Magic Has Consequences: ABC’s Once Upon a Time

If you have been watching ABC this season, you probably have heard of one of their most original new series, Once Upon A Time. In the series, Snow White’s evil stepmother curses all who live in the fairytale realms into “somewhere horrible,” a place where they have no knowledge of who they are or the lives they have lived before: Storybrooke, Maine. A series of flashbacks reveals to the audience the previous life that our “normal” townsfolk are typically incapable of remembering. Yet upon the arrival of Emma Swan (the daughter born to Prince (James) Charming and Snow White right before the release of the curse), things start to change. On either conscious or unconscious levels, many of the characters start reforming the same attachments and animosities they held before the curse. It is a series with constant plot twists and constant suspense and therefore one of the most captivating new series on television.

For me, as I am sure holds for many other viewers, much of the attraction to this series comes from the flashbacks that hallmark its stories. These stories often include interesting plot twists which are absent from the versions we are most familiar with. The freed genie of Aladdin’s lamp becomes the wise advisor to the evil queen, trapped in her mirror after he makes a wish he thinks will help in a crisis. This story, as with nearly every flashback story in Once Upon A Time holds one important lesson: magic has consequences, often unforeseen consequences that inflict some sort of suffering. In this series, the consequences for using magic are rarely truly positive.

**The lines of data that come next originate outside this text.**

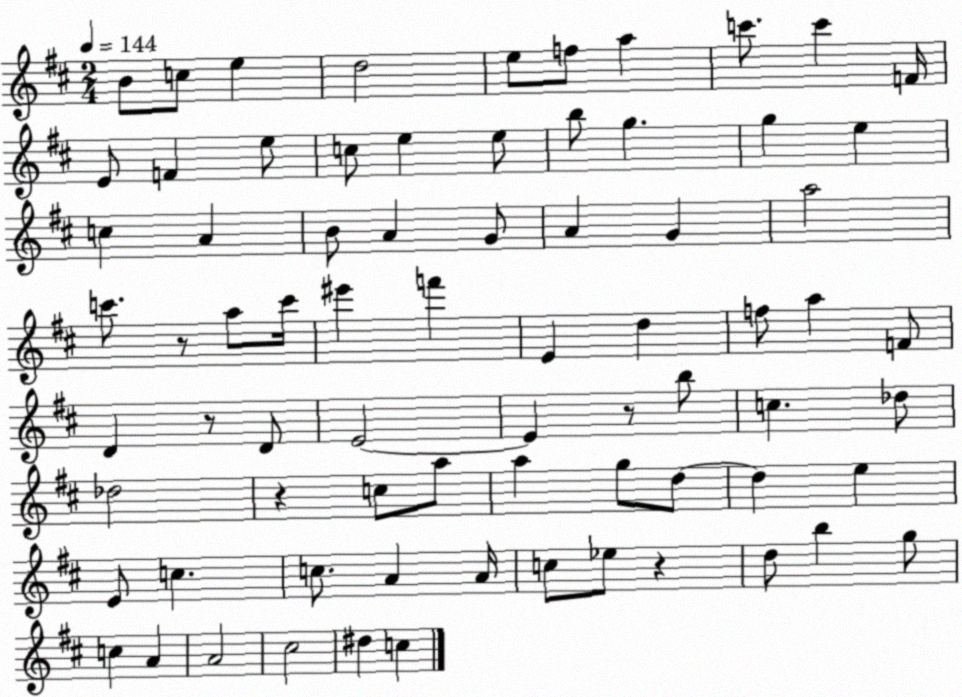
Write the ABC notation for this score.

X:1
T:Untitled
M:2/4
L:1/4
K:D
B/2 c/2 e d2 e/2 f/2 a c'/2 c' F/4 E/2 F e/2 c/2 e e/2 b/2 g g e c A B/2 A G/2 A G a2 c'/2 z/2 a/2 c'/4 ^e' f' E d f/2 a F/2 D z/2 D/2 E2 E z/2 b/2 c _d/2 _d2 z c/2 a/2 a g/2 d/2 d e E/2 c c/2 A A/4 c/2 _e/2 z d/2 b g/2 c A A2 ^c2 ^d c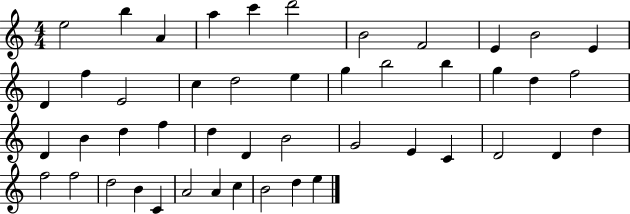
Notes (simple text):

E5/h B5/q A4/q A5/q C6/q D6/h B4/h F4/h E4/q B4/h E4/q D4/q F5/q E4/h C5/q D5/h E5/q G5/q B5/h B5/q G5/q D5/q F5/h D4/q B4/q D5/q F5/q D5/q D4/q B4/h G4/h E4/q C4/q D4/h D4/q D5/q F5/h F5/h D5/h B4/q C4/q A4/h A4/q C5/q B4/h D5/q E5/q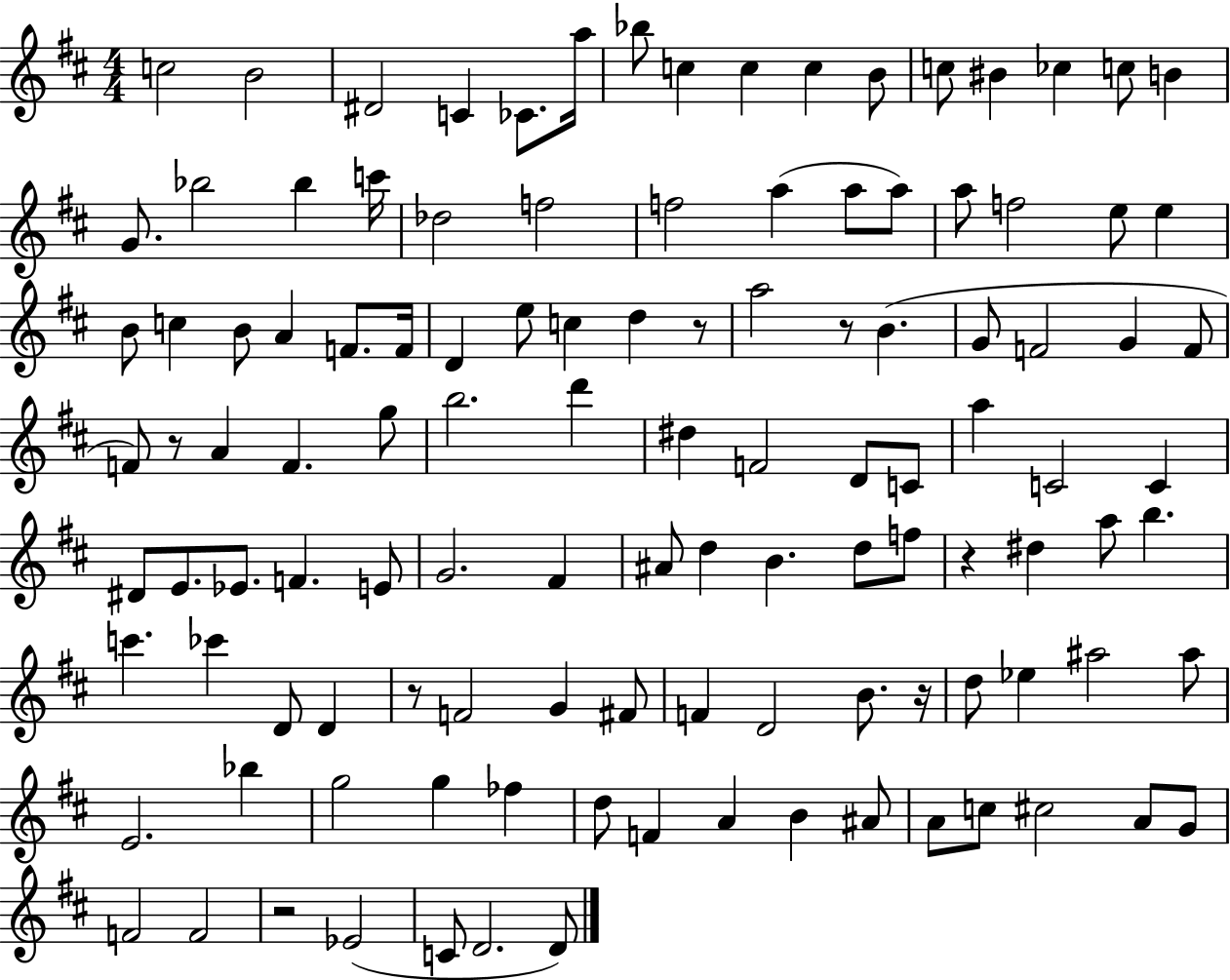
C5/h B4/h D#4/h C4/q CES4/e. A5/s Bb5/e C5/q C5/q C5/q B4/e C5/e BIS4/q CES5/q C5/e B4/q G4/e. Bb5/h Bb5/q C6/s Db5/h F5/h F5/h A5/q A5/e A5/e A5/e F5/h E5/e E5/q B4/e C5/q B4/e A4/q F4/e. F4/s D4/q E5/e C5/q D5/q R/e A5/h R/e B4/q. G4/e F4/h G4/q F4/e F4/e R/e A4/q F4/q. G5/e B5/h. D6/q D#5/q F4/h D4/e C4/e A5/q C4/h C4/q D#4/e E4/e. Eb4/e. F4/q. E4/e G4/h. F#4/q A#4/e D5/q B4/q. D5/e F5/e R/q D#5/q A5/e B5/q. C6/q. CES6/q D4/e D4/q R/e F4/h G4/q F#4/e F4/q D4/h B4/e. R/s D5/e Eb5/q A#5/h A#5/e E4/h. Bb5/q G5/h G5/q FES5/q D5/e F4/q A4/q B4/q A#4/e A4/e C5/e C#5/h A4/e G4/e F4/h F4/h R/h Eb4/h C4/e D4/h. D4/e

When it is positive, it carries a catch, a price.

This lesson creates a critical dramatic undercurrent for the series, but it also carries practical value for all who watch the series. “There are no shortcuts” this series teaches. Wishes may come true, but never without unforeseen consequences. Happily ever after is never completely happy-or free. Each character finds herself or himself having to give something up in order to receive what s/he thinks will bring happiness. As with real life, there are trade-offs for every choice we make, and no short-cuts to life. A prayer is answered-but never in the expected way.

The fairytales in Once Upon A Time are therefore more real, more true to the way that life really works. How many of us have expected the original version of Cinderella-finding and marrying “Prince Charming” makes everything perfect in life ever after-only to discover that life after marriage is not perfect? It is perhaps far better to unlearn the original versions of these stories and come to understand, as these characters do, that life involves consequences for everything we do.